The routing model is consumer-driven i.e. the consumer decides what messages it wants to receive - the producer never knows the end client of its messages. To illustrate this, let us consider a simple 'heartbeat' application where a monitoring server at each site sends notifications that it is running. Each site sends a message every 20 minutes to say it is alive. A consumer at the ROC level monitors all sites within it's ROC while a consumer at the EGEE project level monitors the heartbeat of all sites on the grid. The entities involved are shown below.

0811-Messaging-models-b-v1.0.png

there are two possible ways to model this in MSG:

  • Wildcard subscriptions.
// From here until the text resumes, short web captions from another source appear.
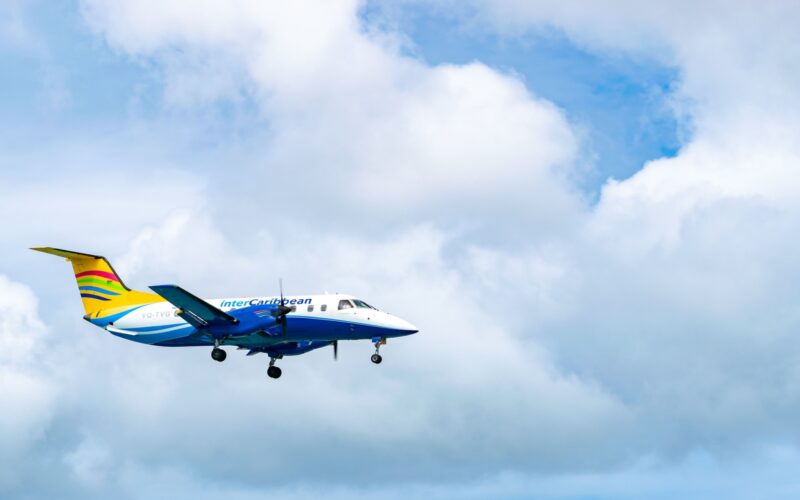 InterCaribbean Airways EMB 120 twin turboprop commuter aircraft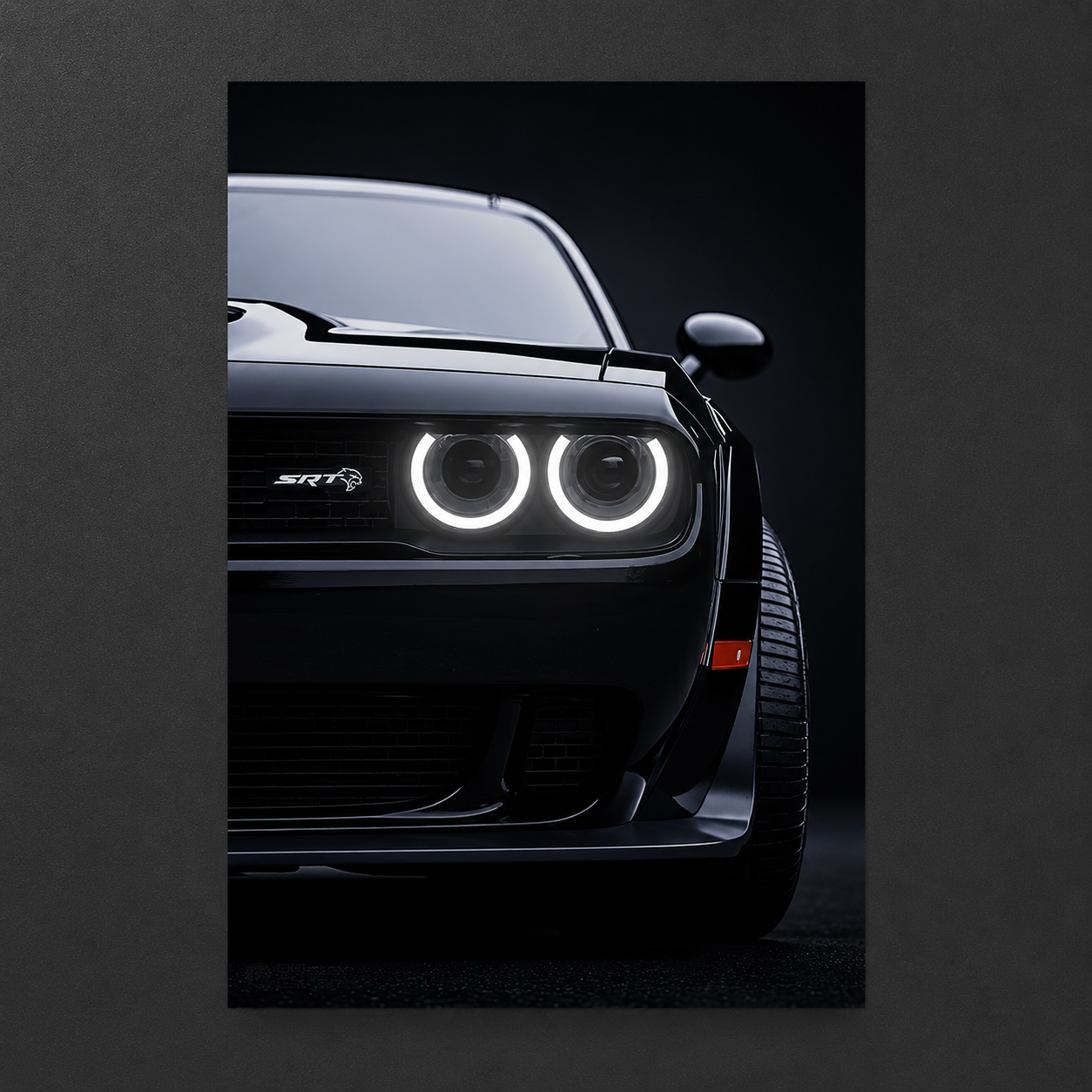 Dodge Challenger SRT Hellcat (Neon Poster)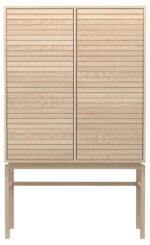 Spinta LINLEY 90,8x40xH150cm, smėlio spalvos - Image 2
In this model, each site sends the notifications to a site-specific destination e.g site.<SITE_NAME>. The ROC-level consumer will create a subscription for each site it wants to monitor. The project level consumer will create a single wildcard subscription for all sites. So we will have the following:
    • Producers:
      • Site 1 - send messages to site.SITE1
      • Site 2 - send messages to site.SITE2
      • Site 2 - send messages to site.SITE3
    • Consumers:
      • ROC Level consumer - 2 subscriptions to site.SITE1 and site.SITE2 respectively
      • Project level consumer - 1 subscription to site.*
  • Selectors. When using selectors, all the sites send their notifications to the same destination site.heartbeat. Each site provides a header called 'ROC' which is the name of the ROC they belong to. The ROC-level consumer subscribes to this destination with a selector of 'ROC' = 'MyROC'. The Project-level consumer simply subscribes to all messages on the destination. So we have the following configuration:
    • Producers:
      • Site 1 - send messages to site.heartbeat with header ROC: MyROC
      • Site 2 - send messages to site.heartbeat with header ROC: MyROC
      • Site 2 - send messages to site.heartbeat with header ROC: OtherROC
    • Consumers:
      • ROC Level consumer - 1 subscription to site.heartbeat with a selector 'ROC' equals 'MyROC'
      • Project level consumer - 1 subscription to site.heartbeat

Other MSG features

There are other messaging features, which could be of use in the above heartbeat examples. For instance:
  • Persistence: If you need an absolute guarentee that a message will be delivered even if the brokers crash and restart you can use persistent messages. These are saved to a disk-based message store at the broker in order to preserve them across broker restarts. Note that persistence comes at a cost - often an application using persistent messages will only run at 1/10 the rate of the same application using non-persistent messages.
  • Message Expiration: In our example, a heartbeat is sent every 20 minutes. Therefore the usefulness of a heartbeat is only 20 minutes - once the next one arrives it is no longer useful to have old heartbeats. One could set an expiration time on the message therefore of 20 minutes. After that time if the broker is still waiting to deliver the message, it will just delete the message instead.
  • Last image caching: When a consumer subscribes to a destination, it normally will receive only messages sent after the time of subscription. Often it is useful to get a good initial value - most usually the last message received on the destination. This is called Last Image Caching. Note that in our heartbeat example it would only be useful in the 'wildcard subscriptions' model where each site sends the heartbeat to a separate destination. Some brokers provide other subscription recovery policies such as 'last n messages', 'last m bytes' or 'all messages in last x seconds/minutes'.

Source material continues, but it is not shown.